PROBLEM DETAILS: "Potret Kunker Kapolres" appears in one line; retype that line and all lines following it through the end of the records, with nothing left out or added.

--- INFORMATION PROVIDED ---

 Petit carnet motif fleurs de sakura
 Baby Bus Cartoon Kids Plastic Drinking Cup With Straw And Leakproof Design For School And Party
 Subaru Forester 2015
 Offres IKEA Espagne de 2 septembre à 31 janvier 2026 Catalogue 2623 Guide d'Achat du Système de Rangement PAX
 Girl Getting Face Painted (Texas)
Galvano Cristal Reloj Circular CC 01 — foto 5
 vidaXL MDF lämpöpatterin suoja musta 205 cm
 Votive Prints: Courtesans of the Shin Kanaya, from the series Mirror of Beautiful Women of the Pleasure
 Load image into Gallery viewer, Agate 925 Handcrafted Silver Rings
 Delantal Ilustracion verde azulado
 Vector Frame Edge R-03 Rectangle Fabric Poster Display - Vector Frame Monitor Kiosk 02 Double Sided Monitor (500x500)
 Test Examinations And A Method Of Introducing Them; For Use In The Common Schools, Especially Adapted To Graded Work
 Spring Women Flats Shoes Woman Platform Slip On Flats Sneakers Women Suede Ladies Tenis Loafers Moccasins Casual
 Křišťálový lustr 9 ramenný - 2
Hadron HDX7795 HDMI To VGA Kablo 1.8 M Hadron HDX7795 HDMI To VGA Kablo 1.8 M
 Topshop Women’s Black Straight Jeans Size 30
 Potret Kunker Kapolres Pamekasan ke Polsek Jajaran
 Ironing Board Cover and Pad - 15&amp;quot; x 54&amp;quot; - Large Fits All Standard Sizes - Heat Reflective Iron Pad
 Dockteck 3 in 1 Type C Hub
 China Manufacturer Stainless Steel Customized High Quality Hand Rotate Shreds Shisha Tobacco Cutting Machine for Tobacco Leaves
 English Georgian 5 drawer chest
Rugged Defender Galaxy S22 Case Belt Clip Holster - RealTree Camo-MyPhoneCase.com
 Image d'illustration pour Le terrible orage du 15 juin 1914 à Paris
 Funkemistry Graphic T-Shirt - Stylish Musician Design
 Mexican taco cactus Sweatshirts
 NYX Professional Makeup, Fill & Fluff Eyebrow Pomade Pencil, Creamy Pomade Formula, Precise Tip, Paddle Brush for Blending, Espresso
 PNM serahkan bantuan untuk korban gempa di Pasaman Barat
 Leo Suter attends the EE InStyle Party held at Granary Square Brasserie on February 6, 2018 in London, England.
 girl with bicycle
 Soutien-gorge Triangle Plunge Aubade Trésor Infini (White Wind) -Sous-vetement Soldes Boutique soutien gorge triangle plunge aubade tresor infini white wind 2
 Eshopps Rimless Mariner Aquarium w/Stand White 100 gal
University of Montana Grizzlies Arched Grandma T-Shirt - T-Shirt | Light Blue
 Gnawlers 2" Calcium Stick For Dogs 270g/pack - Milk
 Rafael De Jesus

---

OUTPUT FOR THIS EXERCISE:
 Potret Kunker Kapolres Pamekasan ke Polsek Jajaran
 Ironing Board Cover and Pad - 15&amp;quot; x 54&amp;quot; - Large Fits All Standard Sizes - Heat Reflective Iron Pad
 Dockteck 3 in 1 Type C Hub
 China Manufacturer Stainless Steel Customized High Quality Hand Rotate Shreds Shisha Tobacco Cutting Machine for Tobacco Leaves
 English Georgian 5 drawer chest
Rugged Defender Galaxy S22 Case Belt Clip Holster - RealTree Camo-MyPhoneCase.com
 Image d'illustration pour Le terrible orage du 15 juin 1914 à Paris
 Funkemistry Graphic T-Shirt - Stylish Musician Design
 Mexican taco cactus Sweatshirts
 NYX Professional Makeup, Fill & Fluff Eyebrow Pomade Pencil, Creamy Pomade Formula, Precise Tip, Paddle Brush for Blending, Espresso
 PNM serahkan bantuan untuk korban gempa di Pasaman Barat
 Leo Suter attends the EE InStyle Party held at Granary Square Brasserie on February 6, 2018 in London, England.
 girl with bicycle
 Soutien-gorge Triangle Plunge Aubade Trésor Infini (White Wind) -Sous-vetement Soldes Boutique soutien gorge triangle plunge aubade tresor infini white wind 2
 Eshopps Rimless Mariner Aquarium w/Stand White 100 gal
University of Montana Grizzlies Arched Grandma T-Shirt - T-Shirt | Light Blue
 Gnawlers 2" Calcium Stick For Dogs 270g/pack - Milk
 Rafael De Jesus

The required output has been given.